Studies with the aim to understand the underlying pathophysiological mechanisms of the disease process in COPD are often limited to small and highly selected study populations [6,7]. Whilst important findings on anti-protease imbalance in COPD have emerged from a number of small selective patient studies, showing negative associations between Matrix MetalloProteinase-9 (MMP-9) and lung function [6,7], such study populations can hardly be considered representative for COPD in the general population; hence, it can be questioned to what extent the observed results are generalizable. However, there are a few population-based studies reflecting similar results; higher plasma metalloproteinase-9 levels, indicating protease-antiprotease imbalance, were associated with lower FEV1 percent predicted among subjects in a population-based COPD cohort, when compared to subject without airway obstruction [8]. Nevertheless, to increase the understanding of the pathophysiological mechanisms related to disease progression in COPD, further studies of representative samples from the general population are warranted.

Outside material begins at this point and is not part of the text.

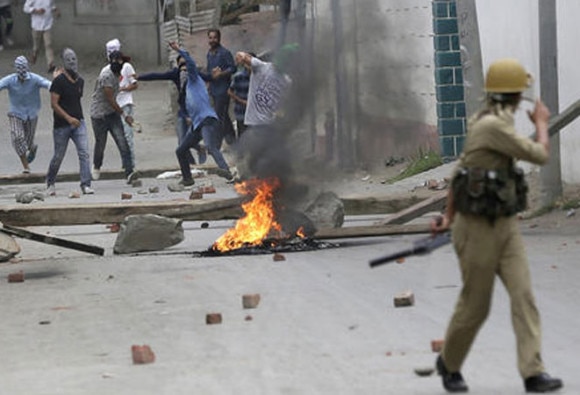 20 Injured In Clash Between Protesters Security Forces কাশ্মীরে নিরাপত্তাবাহিনীকে লক্ষ্য করে পাথর, সংঘর্ষে জখম ২০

COPD was previously described as a smoke-induced lung injury but is today regarded as a heterogeneous syndrome, comprising several phenotypes [9], which may be related to different pathophysiological mechanisms. Rate of decline in lung function, degree of emphysema, exacerbation frequency, cardiovascular co-morbidity, and tobacco smoke exposure are just a few possible clinical factors related to underlying pathophysiological mechanisms and, thus, involved in the disease process.

The intention of this report is to describe the recruitment process of a study sample from a population-based COPD cohort to a study aiming at evaluating the pathophysiological mechanism in COPD in relation to one of the above-mentioned clinical phenotypes, characterized by rate of decline in lung function. The study was designed to address the hypothesis that certain biomarkers would differ between COPD subjects with rapid decline in lung function compared to those with a non-rapid decline, also including comparisons with subjects with normal lung function, both non-smokers and those with a history of smoking. Here, the recruitment process will be presented, along with rate and reason for non-participation, as well as the basic characteristics of the study population at recruitment.

Material and method

In 2002–2004, previously examined subjects from four population-based adult cohorts from the OLIN (Obstructive Lung disease In Northern Sweden) studies were invited to re-examination. All subjects fulfilling the spirometric criteria for airway obstruction, FEV1/VC <0.70, were identified (n = 993) together with age- and sex-matched subjects without obstructive lung function impairment. Since 2005, the study population (n = 1986) has been invited to annual examinations with a basic program including spirometry and a structured interview [10]. The current report is based on data from baseline in 2002–2004 and at follow-up in 2010 (first recruitment phase) or 2012/2013 (second recruitment phase).

The study sample in the current report was identified based on predefined criteria, into groups labelled A–D, as defined later. The aim was to include 15 subjects in each of the groups A–D in the study. The intention of groups A and B was to clearly separate COPD with rapid decline in FEV1 (A) from COPD with more stable, FEV1, i.e. non-rapid decline (B), thus the predefined levels of FEV1 decline in these groups were separated by an empty interval. The Global Initiative for Obstructive Lung Disease (GOLD) spirometric criterion for COPD was used [11].

Predefined groups

COPD, rapid decline: COPD GOLD grade 2-3 with a rapid decline in FEV1, ≥60 ml/year Ever-smokers with a smoking history of >10 pack years at baseline.

COPD, non-rapid decline: COPD GOLD grade 2-3 with a non-rapid decline in FEV1, ≤30 ml/year Ever-smokers with a smoking history of >10 pack years at baseline.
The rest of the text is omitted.